Взгляните: никакой тебе аскезы, абсолютная свобода, блаженная глоссолалия спонтанной речи и свободы, разговоры ни о чем. Желаете аналогий, странных сближений и параллелей? Их отыскать — вовсе не так просто. Например, не годятся ни “Письма с Понта”, ни “Письма русского путешественника”. Почему? Да потому, что и Овидий, и Карамзин устами изгнанника/путешественника говорят совершенно всерьез, остаются самими собой при всем различии доминирующих эмоций (жалоба/пытливая чувствительность). Может, тогда — “Письма римскому другу”? Да, “теплее”, хотя и эта параллель не работает. Нет у Олеси Николаевой тотального иносказания, сплошного иронического qui pro quo, которым так завораживает Бродский. Мы говорим: “ворюга”, “кровопийца”, “жить в провинции у моря”, подразумеваем — ну, сами понимаете, кого и что…
Уж не делает ли Николаева что-то подобное Монтескье, который в “Персидских письмах” увидел Францию (и не только) глазами мало что понимающих условных собеседников-мусульман, зорко присматривающихся к незнакомой стране, хоть и описанной иносказательно, но названной прямо, без обиняков. “Испания” Олеси Николаевой, несмотря на демонстративный экзотический антураж, порою до боли напоминает какую-то другую страну: “…Испания наша, растаптываемая ногой / разночинца, хама и нигилиста…”. Или: “Как сказал один испанский поэт:/ “Гвозди бы делать из этих людей”…” А вот еще:
Любопытно, что те — из кидальщиков, шулеров и катал,
выходцы из низов, а некоторые — отмотавшие здесь по сроку,
то есть те, которые первоначальный делали капитал
рэкетом, — детей воспитывают уже по доктору Споку.

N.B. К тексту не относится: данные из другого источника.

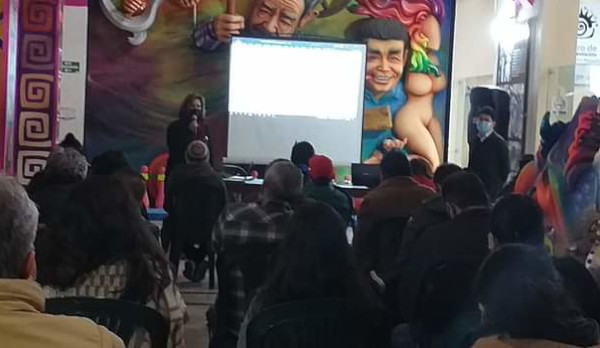 Socialización de la convocatoria Portafolio de Estímulos Cultura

В авторском предисловии к “Письмам” — в том самом, которое (если читать не сначала) может показаться избыточным, есть еще один пассаж. Олеся Николаева рассказывает, как по совету мужа решила не обижаться на предложение написать приветствие комсомольскому съезду, а написать-таки, но — гекзаметром: “Вы собралися на съезд комсомольский, о мужи и девы, много есть важных отчетов и прений у вас на повестке…”. “И я подумала, — продолжает автор, — что смысл может быть не в самих словах, а в интонации, в звучании, в связи слов. И форма может опровергать содержание”.
Внимание, вопрос: что же, значит, весь блестяще отделанный, прихотливо закрученный сюжетно цикл, давший название книге Олеси Николаевой, есть не более чем “концептуалистский” или даже “супрематистский” жест? Неважно — что┬┬ говорю, о чем; важно само указание — “вот поэзия”, “вот я — способный говорить поэзию”. Неправильно ведь спрашивать, что “означает” нарисованный на полотне черный квадрат, необходимо усмотреть здесь иной жест: “вот искусство как таковое”, “а вот я — живописец”. Видно, недаром Олеся Николаева некоторое время тому назад именно Льва Рубинштейна выбрала в соавторы литературного вечера в рамках проекта “Полюса”: авангард и есть для нее “свое иное”, далекое, но притягательное. С ним хочется не только бороться, но и соперничать, побеждать — на территории поэзии, а не отвлеченных дискуссий.
И опять — “подсказка” из раздела “Ты имеешь то, что ты есть” — стихотворение “Апология”:
…Разве зебра не сбавила б спеси дурной с авангарда?
Что, верблюда бы он переплюнул? Побил леопарда?
Носорога б затмил? Или радугу б взял из кармана?
Иль придумал бы что-то покруче, чем зад павиана?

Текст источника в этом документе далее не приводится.